1. A method for comparative spectrophotometric in vivo monitoring and display of selected blood metabolites present in a plurality of different internal regions of the same test subject on a continuing and substantially concurrent basis, comprising the steps of:

applying separate spectrophotometric sensors to a test subject at each of a plurality of separate testing sites and coupling each of said sensors to a control and processing station;

operating a selected number of said sensors on a substantially concurrent basis to spectrophotometrically irradiate at least two separate internal regions of the test subject during a common time interval, each of said regions being associated with a different of said testing sites;

separately detecting and receiving light energy resulting from said spectrophotometric irradiation for each of said at least two separate internal regions, and conveying separate sets of signals to said control and processing station which correspond to the separately detected light energy from said at least two separate internal regions;

separately and concurrently analyzing said conveyed separate sets of signals to separately determine quantified data representative of a blood metabolite in each of said at least two separate internal regions; and

concurrently visually displaying said separately determined quantified data for each of said at least two separate internal regions for direct concurrent mutual comparison, wherein said sensors are applied to a head of the test subject and are used to monitor two mutually separate regions within a brain of the test subject.

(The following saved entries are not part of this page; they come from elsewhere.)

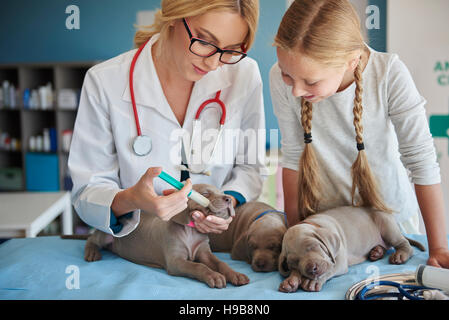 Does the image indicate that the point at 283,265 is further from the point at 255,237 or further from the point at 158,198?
the point at 158,198

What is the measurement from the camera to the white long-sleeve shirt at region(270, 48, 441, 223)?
36.0 inches

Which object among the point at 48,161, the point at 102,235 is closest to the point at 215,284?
the point at 102,235

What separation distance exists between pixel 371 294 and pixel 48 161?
47.1 inches

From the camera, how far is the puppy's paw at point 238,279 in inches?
35.3

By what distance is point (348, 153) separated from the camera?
0.97m

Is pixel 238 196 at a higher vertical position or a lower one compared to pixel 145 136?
lower

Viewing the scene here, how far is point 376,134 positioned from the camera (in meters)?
0.96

2. The method of claim 1, wherein said step of analyzing comprises quantitative determination of blood oxygenation levels within each of said at least two separate internal regions.

3. The method of claim 2, wherein said analyzing step includes producing separate quantitative value determinations for hemoglobin oxygen saturation for each of said at least two separate internal regions.

4. The method of claim 3, wherein said analyzing step includes production of ongoing graphical traces representing a plurality of said quantitative value determinations made at successive points in time.

5. The method of claim 4 including the step of visually displaying a plurality of said graphical traces at substantially the same time and in predetermined relationship to one another to facilitate rapid and accurate visual comparison.

6. The method of claim 5, including the step of visually displaying a plurality of said quantitative value determinations at substantially the same time and in predetermined relationship to one another to facilitate rapid and accurate visual comparison.

7. The method of claim 3, including the step of visually displaying a plurality of said quantitative value determinations at substantially the same time and in predetermined relationship to one another to facilitate rapid and accurate visual comparison.

8. The method of claim 1, wherein said metabolite comprises hemoglobin oxygen.

9. The method of claim 1, wherein said sensors are positioned in locations proximate to different brain hemispheres and said two mutually separate regions are located in a different brain hemisphere.

10. The method of claim 9, wherein said metabolite comprises cerebral blood hemoglobin oxygenation.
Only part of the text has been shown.